Finding the general solution of the given differential equation

[bigu01]

y"+2y'+y=2e^-t
I tried to find the solution for this nonhomogenous diff. Equation but i could not. First i took a function Y(t)=Ae^-t but i was getting 0=2e^-t.
To get rid of that i took another y'+y=2e^-t and found the solution y=2te^-t + ce^-t. Noticed that first part of this finding is solution of my nonhomogenous diff equation so i took another function Y(t)=Ate^-t but then again i am finding the same answer, i need some tips on how to continue. The general solution for this equation as homogenous equation has repeated roots.

 

[ShayanJ]

When the characteristic equation has repeated roots,the answer is Ae^{qt}+Bte^{qt}.
For finding the particular solution,take y_p=f(t)e^{-t} and try finding f(t).

 

[CAF123]

... Noticed that first part of this finding is solution of my nonhomogenous diff equation so i took another function Y(t)=Ate^-t but then again i am finding the same answer...

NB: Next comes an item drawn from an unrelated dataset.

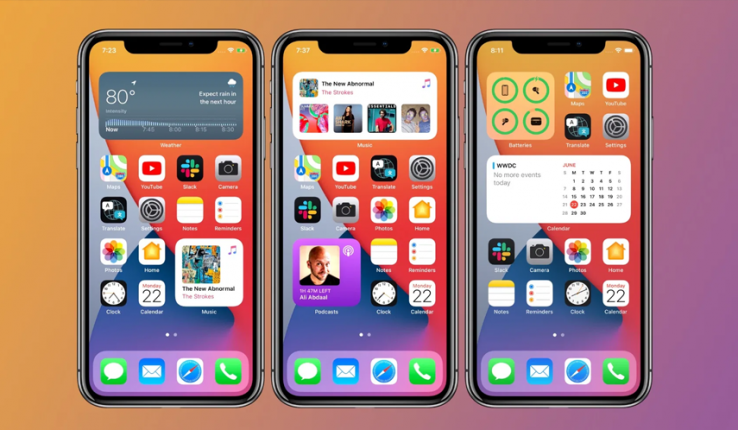 iOS 14.7 lets you customize your iPhone Screen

The homogeneous differential equation is second order and so the general solution is composed of two linearly independent pieces. One of those pieces is precisely of the form Y(t) = Ate^-t, so subbing this in as a particular solution is redundant. You have to look for another form.

 

[bigu01]

I multiplied my function by t^2, since by multiplying only by t was not working, and it worked.